In this exercise, print only the lines from the line with "Here we are" to the last line of the data below, inclusive. Any pictures should be left out.

The data:
-*-*-
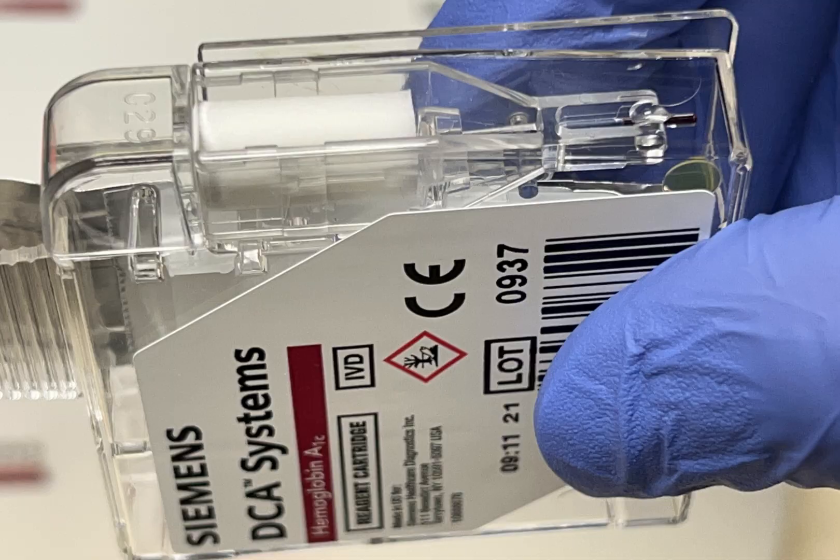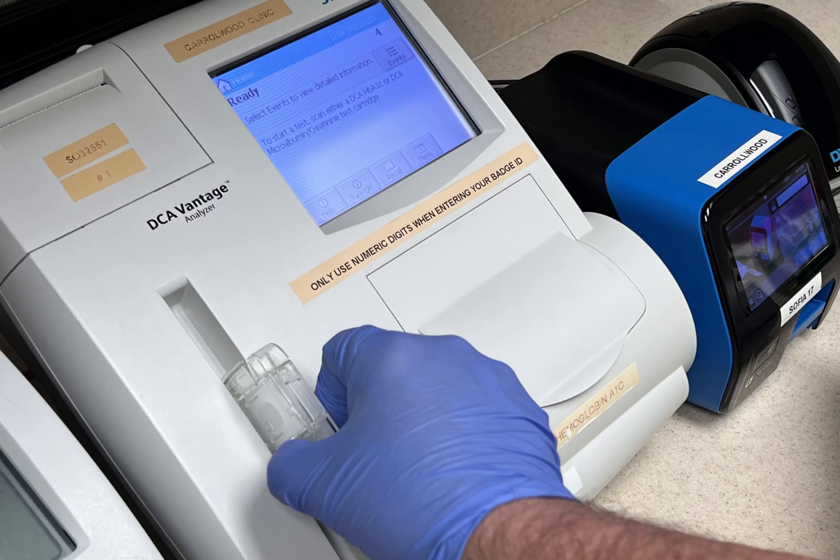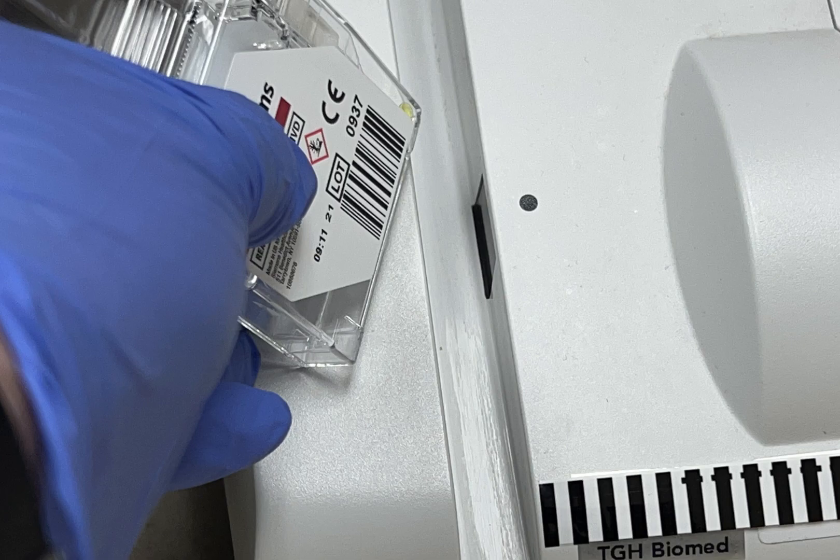Insert the capillary collection device into the cartridge. Slide the cartridge into the bay for scanning, with the barcode facing the reader.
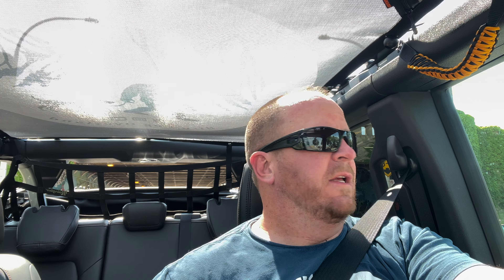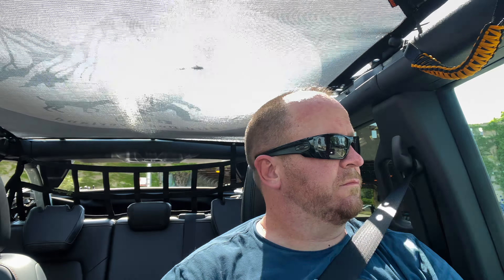Here we are on Lakeshore Drive, about to get on the on-ramp. I'll give you guys a good feel for what the sound is like when we take off. Full disclosure — the windows are up but the top, as you can see, is open. So you are going to hear a lot more wind noise than you normally would. Just want to give you guys a heads up on that. We're waiting on the light to turn green, then we'll head on to the on-ramp to give you a good feel of what this thing sounds like under load.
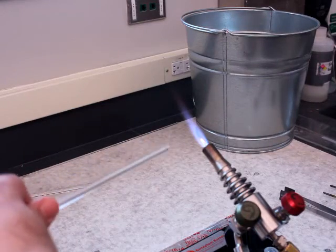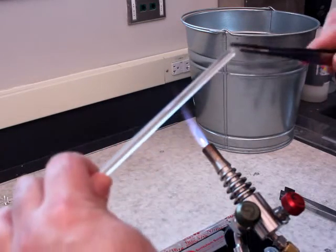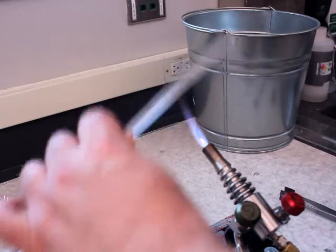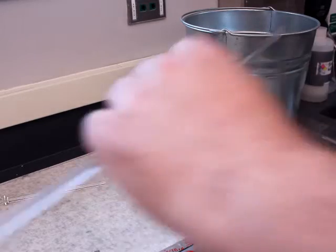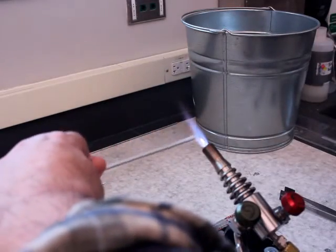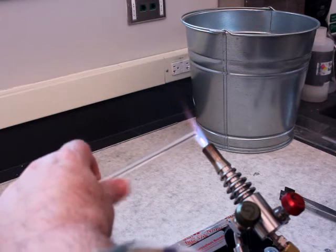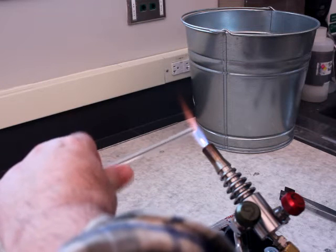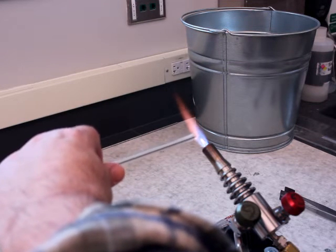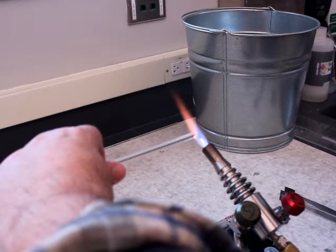Because my waste bucket is to my right, it's easier for me to rotate using my left hand, pull off the waste glass, throw it in the bucket, and then switch hands. I would highly recommend practicing rotations with your non-dominant hand. I am right-handed, so for me it's always good practice to use my left for rotating and keeping the glass where I need it in the flame.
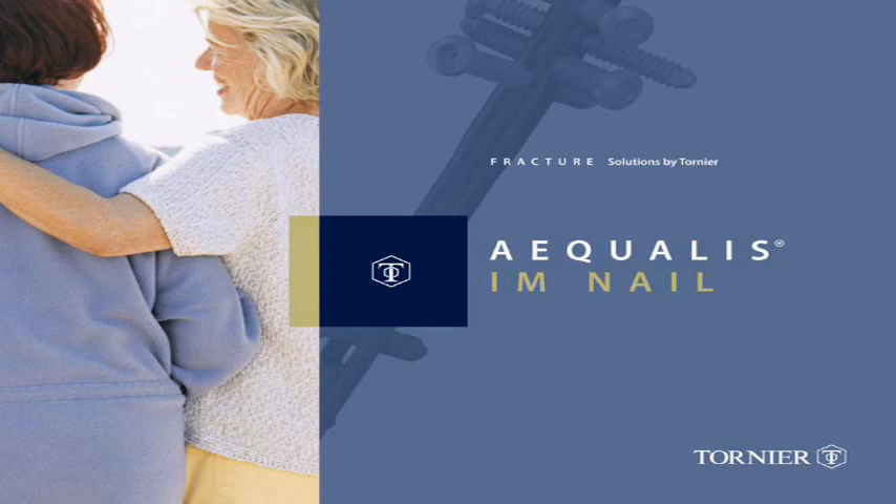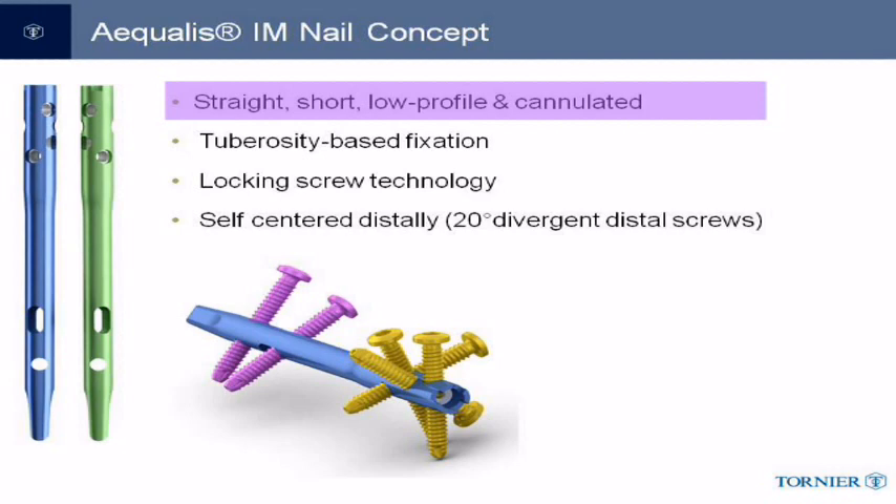The Aqualis proximal humeral nail and instrumentation have been designed for angular stable minimally invasive reduction and internal fixation of proximal humerus fractures. Unique features of the nail include that it is straight, of small diameter, and that it is cannulated.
-*-*-
Answer box:
Here we are on Lakeshore Drive, about to get on the on-ramp. I'll give you guys a good feel for what the sound is like when we take off. Full disclosure — the windows are up but the top, as you can see, is open. So you are going to hear a lot more wind noise than you normally would. Just want to give you guys a heads up on that. We're waiting on the light to turn green, then we'll head on to the on-ramp to give you a good feel of what this thing sounds like under load.
Because my waste bucket is to my right, it's easier for me to rotate using my left hand, pull off the waste glass, throw it in the bucket, and then switch hands. I would highly recommend practicing rotations with your non-dominant hand. I am right-handed, so for me it's always good practice to use my left for rotating and keeping the glass where I need it in the flame.
The Aqualis proximal humeral nail and instrumentation have been designed for angular stable minimally invasive reduction and internal fixation of proximal humerus fractures. Unique features of the nail include that it is straight, of small diameter, and that it is cannulated.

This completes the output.